Connecting switches

Hello, just a simple question, is it necessary to connect serial resistors to switches(0ohm), for short period i suppose that it isnt for short periods but for long periods (few minutes) is needed.
Which resistor do you suggest?

is it necessary to connect serial resistors to switches

No series resistor is necessary. A resistor to Vcc (pullup) or ground (pulldown) is necessary to prevent the pin from floating when a (normally open) switch is open.
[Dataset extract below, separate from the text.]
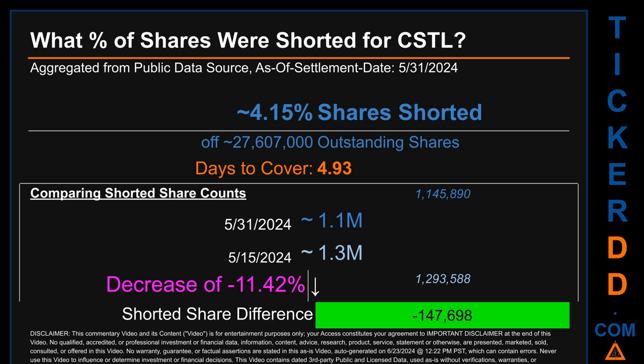Days to cover is 4.93. When I compare the current two-week period data snapshot against the previous period ending on settlement date May 15th, 2024, I find that the current snapshot had roughly 147,700 fewer shares shorted. This means that compared to the previous snapshot, the current snapshot has a decrease of minus 11.42 percent of shorted shares.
Have a look at this tutorial.

So i should connect it this way?

How much ohms do you suggest?

10k is pretty standard, anything from 100 ohms to 1M ohm might work, but higher resistances allow more
noise pick up and lower resistances waste more power consumption.

Just connect the switch between pin and ground.
Nothing else.
And use the pull up resistor that is inside the processor.

pinMode(switchPin, INPUT_PULLUP);

The pin will be normally HIGH, and LOW when the switch is pressed.
So change your code accordingly.

Did you read the link in post#1.
It explains when you can use the internal pull up, and when you shouldn’t.
Leo…

Check out this tutorial on YouTube, I think it addresses your question and shows how to configure ground / power on any pin: Make Any Pin a Ground Pin in Arduino - YouTube

A soldered on resistor, three I/O pins used up, and more code
Or one I/O pin and a ground.

The Mega has five ground pins, not two as explained in that video.
Leo..

Although not necessary, a series resistor is not a bad idea because it protects the pin.

Consider what would happen with your circuit if you accidentally set pin 2 to output low. You would have a short when the switch was closed! A serial resistor of an appropriate resistance would prevent this from exceeding the current rating of the pin.

This can also provide some level of protection from electrical noise being picked up by longer unshielded switch wiring. See the "Current Limiting" protection approach described here:

The simplicity of a minimal circuit will usually outweigh the potential benefits of added components at the cost of added complexity for the average Arduino beginner and the AVR microcontrollers can survive some significant abuse. It doesn't get any more easy to wire up and understand than a pin connected to ground via a switch.

pert:
Although not necessary, a series resistor is not a bad idea because it protects the pin.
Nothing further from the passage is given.